(Input data)
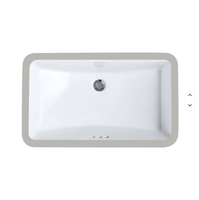 Lavabo carré en céramique à encastrer sous le comptoir, style moderne et minimaliste, vasque en céramique blanche à encastrer sous le comptoir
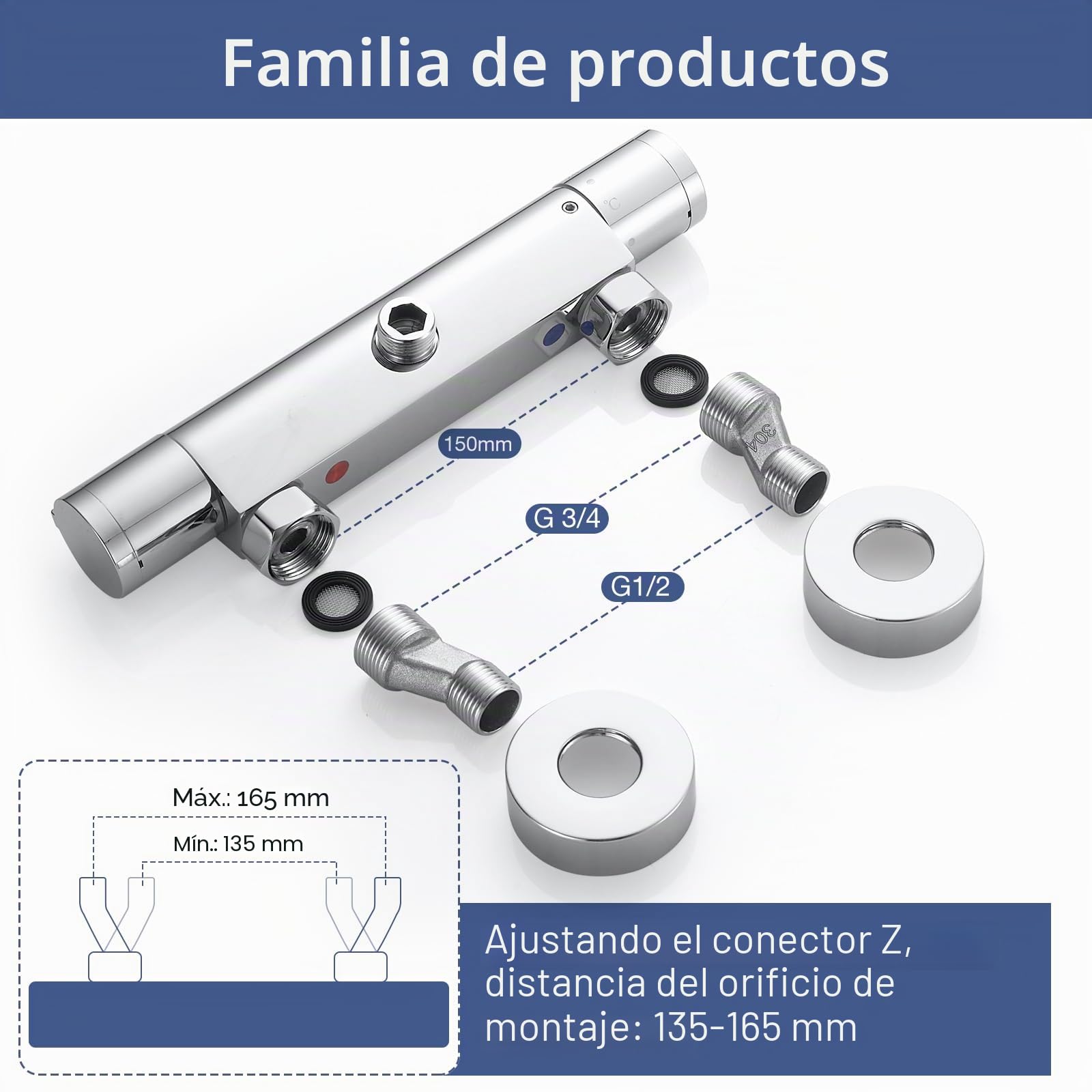 Grifo Ducha Termostatico, Bevankly Termostato Ducha con el Botón de Seguridad de 38 ℃, Grifo Ducha Termostatico de Latón Cromado | Termostato de ducha, grifo de ducha, cromo, latón, grifos de ducha con tope de seguridad de 38 °C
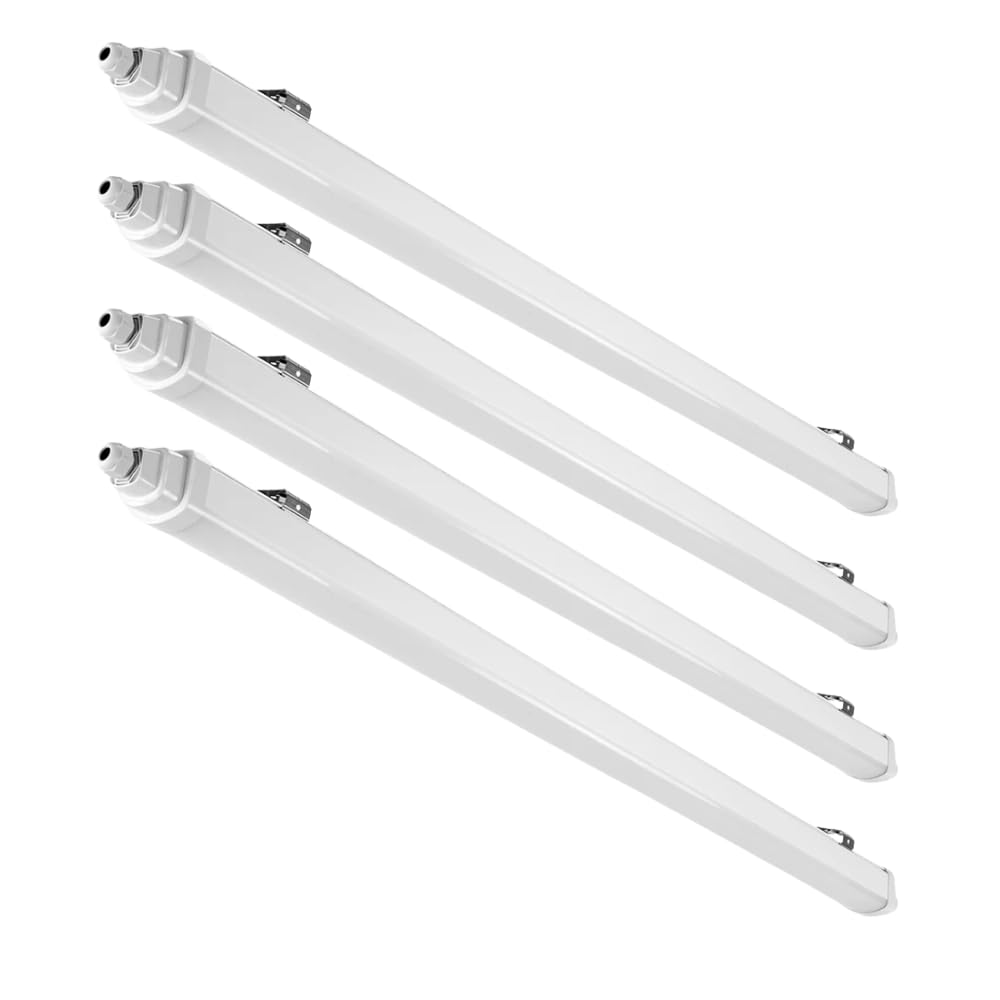 LUXULA 4x LED Feuchtraumleuchte 120cm Wannenleuchte 36W 4000K Neutralweiß 4320lm - Verknüpfbar - IP65 Wasserdicht - LED Werkstattlampe flach Kellerlampe Garagenlampe - Reihenschaltung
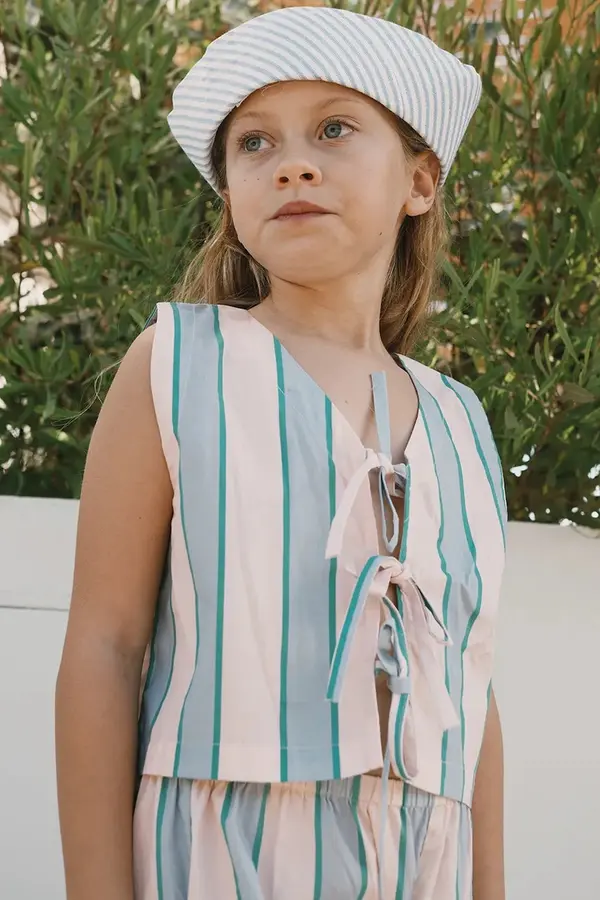 Tinycottons Otroška bombažna srajca Tinycottons RETRO STRIPES BOWS VEST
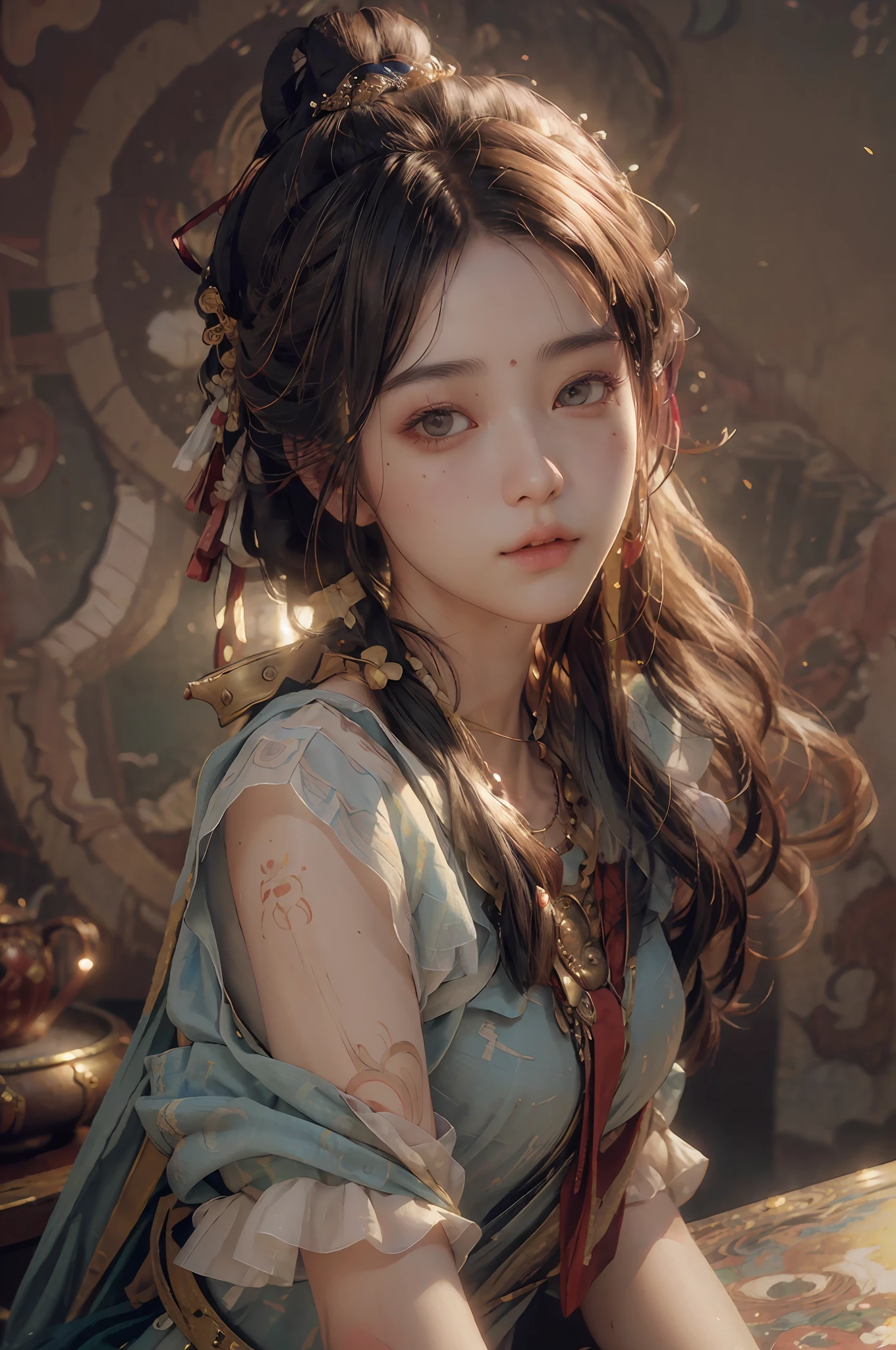 (RAW photo, best quality), (realistic, photo-realistic:1.3),best quality,highly detailed,masterpiece,ultra-detailed,illustration,1girl,upper_body,dynamic angle,world masterpiece theater,messy_long_hair,best quality,extremely detailed CG unity 8k wallpaper,ink,Amazing,cinematic lighting,lens_flare, dunhuang_style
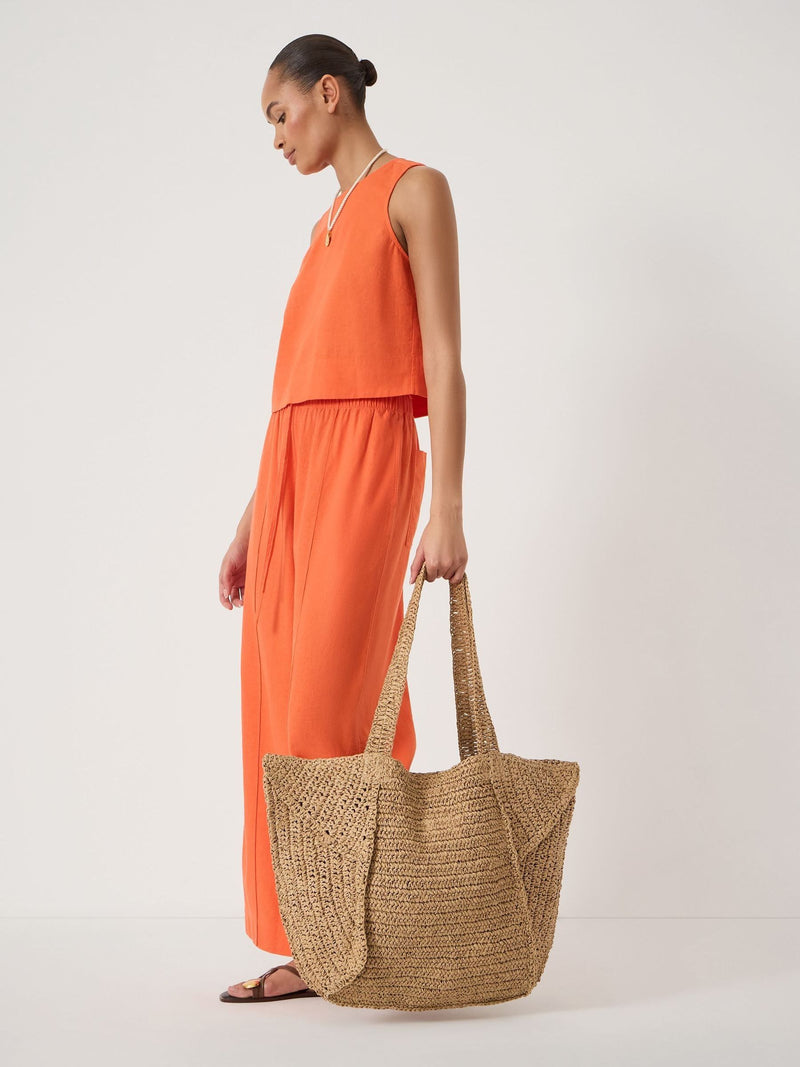 Hush Aster raffia panel tote bag in natural, imported from the UK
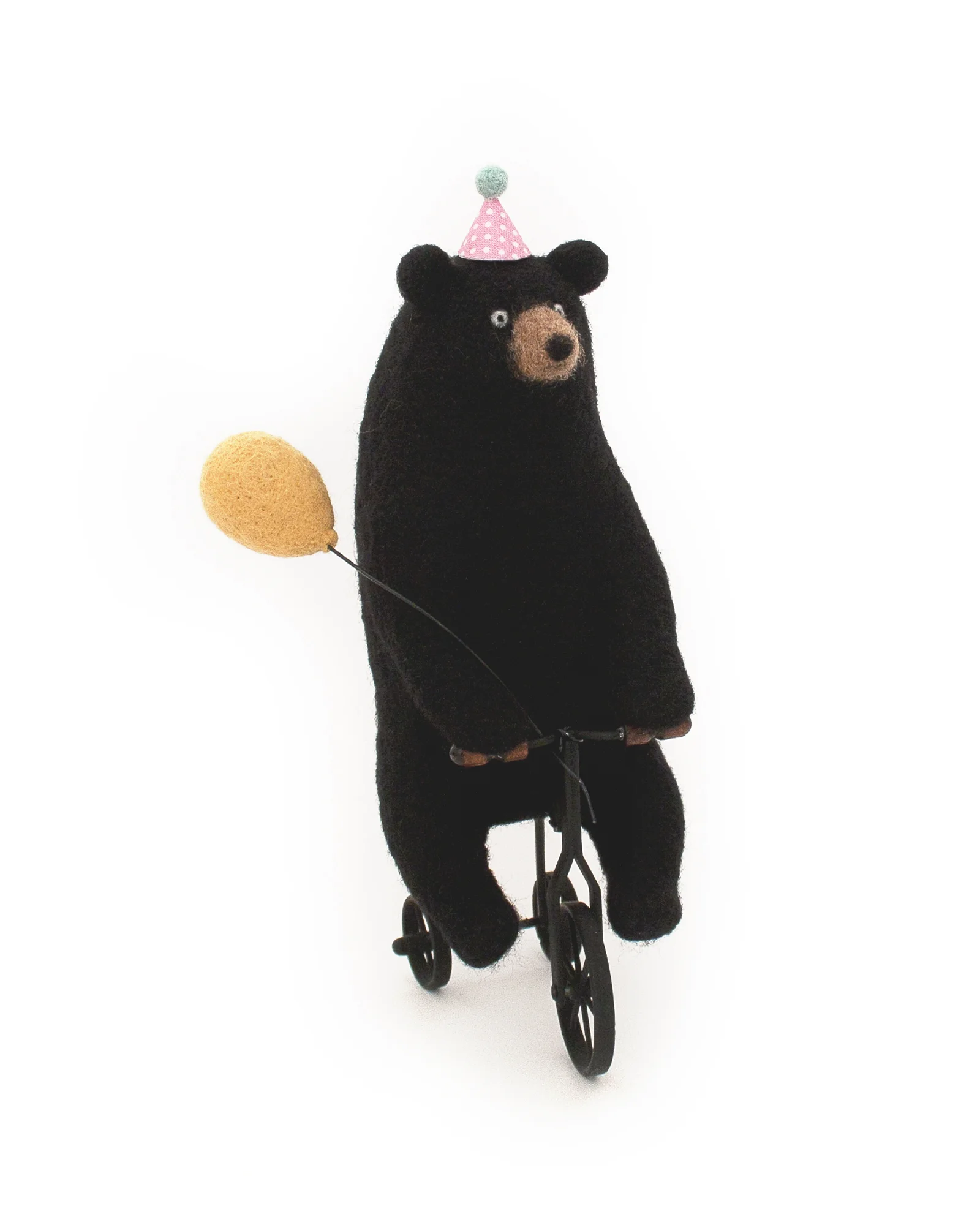 Needle Felted Black Bear On Wheels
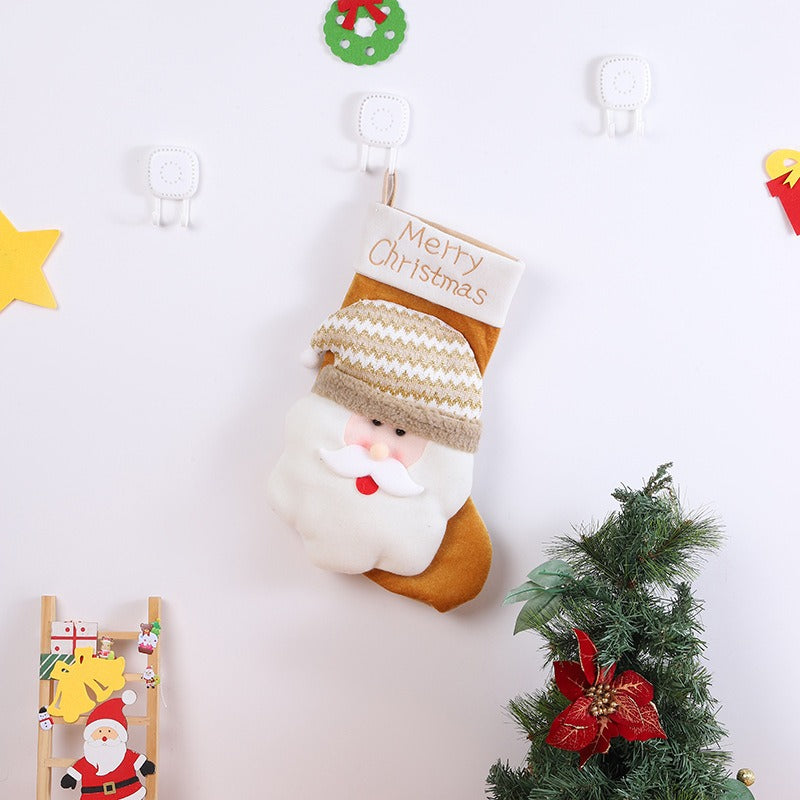 New Christmas Candy Bag Gift Bag Cute Cartoon Big Head Elderly Snowman Elk Christmas Socks Decoration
(End Input data)
Task instructions:
Repeat the entries exactly, without pictures.

Result of this exercise:
 Lavabo carré en céramique à encastrer sous le comptoir, style moderne et minimaliste, vasque en céramique blanche à encastrer sous le comptoir
 Grifo Ducha Termostatico, Bevankly Termostato Ducha con el Botón de Seguridad de 38 ℃, Grifo Ducha Termostatico de Latón Cromado | Termostato de ducha, grifo de ducha, cromo, latón, grifos de ducha con tope de seguridad de 38 °C
 LUXULA 4x LED Feuchtraumleuchte 120cm Wannenleuchte 36W 4000K Neutralweiß 4320lm - Verknüpfbar - IP65 Wasserdicht - LED Werkstattlampe flach Kellerlampe Garagenlampe - Reihenschaltung
 Tinycottons Otroška bombažna srajca Tinycottons RETRO STRIPES BOWS VEST
 (RAW photo, best quality), (realistic, photo-realistic:1.3),best quality,highly detailed,masterpiece,ultra-detailed,illustration,1girl,upper_body,dynamic angle,world masterpiece theater,messy_long_hair,best quality,extremely detailed CG unity 8k wallpaper,ink,Amazing,cinematic lighting,lens_flare, dunhuang_style
 Hush Aster raffia panel tote bag in natural, imported from the UK
 Needle Felted Black Bear On Wheels
 New Christmas Candy Bag Gift Bag Cute Cartoon Big Head Elderly Snowman Elk Christmas Socks Decoration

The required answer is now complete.